Task objective:
Without altering a single word, repeat the records that follow.

Data excerpts:
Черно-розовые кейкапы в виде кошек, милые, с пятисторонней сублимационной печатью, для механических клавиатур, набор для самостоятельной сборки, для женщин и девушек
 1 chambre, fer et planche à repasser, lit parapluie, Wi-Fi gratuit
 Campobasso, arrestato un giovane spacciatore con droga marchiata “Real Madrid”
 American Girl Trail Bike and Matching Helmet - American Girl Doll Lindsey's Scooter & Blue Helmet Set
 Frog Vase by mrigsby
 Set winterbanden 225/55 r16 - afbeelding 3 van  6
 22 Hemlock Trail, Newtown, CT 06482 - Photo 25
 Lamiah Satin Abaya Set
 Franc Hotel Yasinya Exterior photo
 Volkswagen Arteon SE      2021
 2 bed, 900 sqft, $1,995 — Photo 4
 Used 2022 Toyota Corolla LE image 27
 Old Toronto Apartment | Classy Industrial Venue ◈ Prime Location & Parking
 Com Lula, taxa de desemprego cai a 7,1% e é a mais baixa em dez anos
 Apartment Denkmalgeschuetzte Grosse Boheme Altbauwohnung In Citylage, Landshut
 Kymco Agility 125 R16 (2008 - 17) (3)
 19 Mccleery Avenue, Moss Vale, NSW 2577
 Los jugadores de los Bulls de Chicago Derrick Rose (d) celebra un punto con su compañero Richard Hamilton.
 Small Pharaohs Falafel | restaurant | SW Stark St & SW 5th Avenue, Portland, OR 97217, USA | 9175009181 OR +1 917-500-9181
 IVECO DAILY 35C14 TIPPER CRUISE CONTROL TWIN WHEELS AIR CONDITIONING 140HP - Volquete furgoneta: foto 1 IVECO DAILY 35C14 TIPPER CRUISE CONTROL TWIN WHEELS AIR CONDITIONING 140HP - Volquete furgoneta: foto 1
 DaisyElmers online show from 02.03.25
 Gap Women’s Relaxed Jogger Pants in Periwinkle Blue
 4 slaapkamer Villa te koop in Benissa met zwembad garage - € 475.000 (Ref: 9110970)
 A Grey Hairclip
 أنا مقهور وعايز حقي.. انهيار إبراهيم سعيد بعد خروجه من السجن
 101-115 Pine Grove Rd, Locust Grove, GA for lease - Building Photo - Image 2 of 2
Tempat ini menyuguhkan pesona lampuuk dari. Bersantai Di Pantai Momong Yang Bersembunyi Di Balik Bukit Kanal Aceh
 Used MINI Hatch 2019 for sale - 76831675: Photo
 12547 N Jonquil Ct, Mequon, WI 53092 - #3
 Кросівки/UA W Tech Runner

Solution to this task:
Черно-розовые кейкапы в виде кошек, милые, с пятисторонней сублимационной печатью, для механических клавиатур, набор для самостоятельной сборки, для женщин и девушек
 1 chambre, fer et planche à repasser, lit parapluie, Wi-Fi gratuit
 Campobasso, arrestato un giovane spacciatore con droga marchiata “Real Madrid”
 American Girl Trail Bike and Matching Helmet - American Girl Doll Lindsey's Scooter & Blue Helmet Set
 Frog Vase by mrigsby
 Set winterbanden 225/55 r16 - afbeelding 3 van  6
 22 Hemlock Trail, Newtown, CT 06482 - Photo 25
 Lamiah Satin Abaya Set
 Franc Hotel Yasinya Exterior photo
 Volkswagen Arteon SE      2021
 2 bed, 900 sqft, $1,995 — Photo 4
 Used 2022 Toyota Corolla LE image 27
 Old Toronto Apartment | Classy Industrial Venue ◈ Prime Location & Parking
 Com Lula, taxa de desemprego cai a 7,1% e é a mais baixa em dez anos
 Apartment Denkmalgeschuetzte Grosse Boheme Altbauwohnung In Citylage, Landshut
 Kymco Agility 125 R16 (2008 - 17) (3)
 19 Mccleery Avenue, Moss Vale, NSW 2577
 Los jugadores de los Bulls de Chicago Derrick Rose (d) celebra un punto con su compañero Richard Hamilton.
 Small Pharaohs Falafel | restaurant | SW Stark St & SW 5th Avenue, Portland, OR 97217, USA | 9175009181 OR +1 917-500-9181
 IVECO DAILY 35C14 TIPPER CRUISE CONTROL TWIN WHEELS AIR CONDITIONING 140HP - Volquete furgoneta: foto 1 IVECO DAILY 35C14 TIPPER CRUISE CONTROL TWIN WHEELS AIR CONDITIONING 140HP - Volquete furgoneta: foto 1
 DaisyElmers online show from 02.03.25
 Gap Women’s Relaxed Jogger Pants in Periwinkle Blue
 4 slaapkamer Villa te koop in Benissa met zwembad garage - € 475.000 (Ref: 9110970)
 A Grey Hairclip
 أنا مقهور وعايز حقي.. انهيار إبراهيم سعيد بعد خروجه من السجن
 101-115 Pine Grove Rd, Locust Grove, GA for lease - Building Photo - Image 2 of 2
Tempat ini menyuguhkan pesona lampuuk dari. Bersantai Di Pantai Momong Yang Bersembunyi Di Balik Bukit Kanal Aceh
 Used MINI Hatch 2019 for sale - 76831675: Photo
 12547 N Jonquil Ct, Mequon, WI 53092 - #3
 Кросівки/UA W Tech Runner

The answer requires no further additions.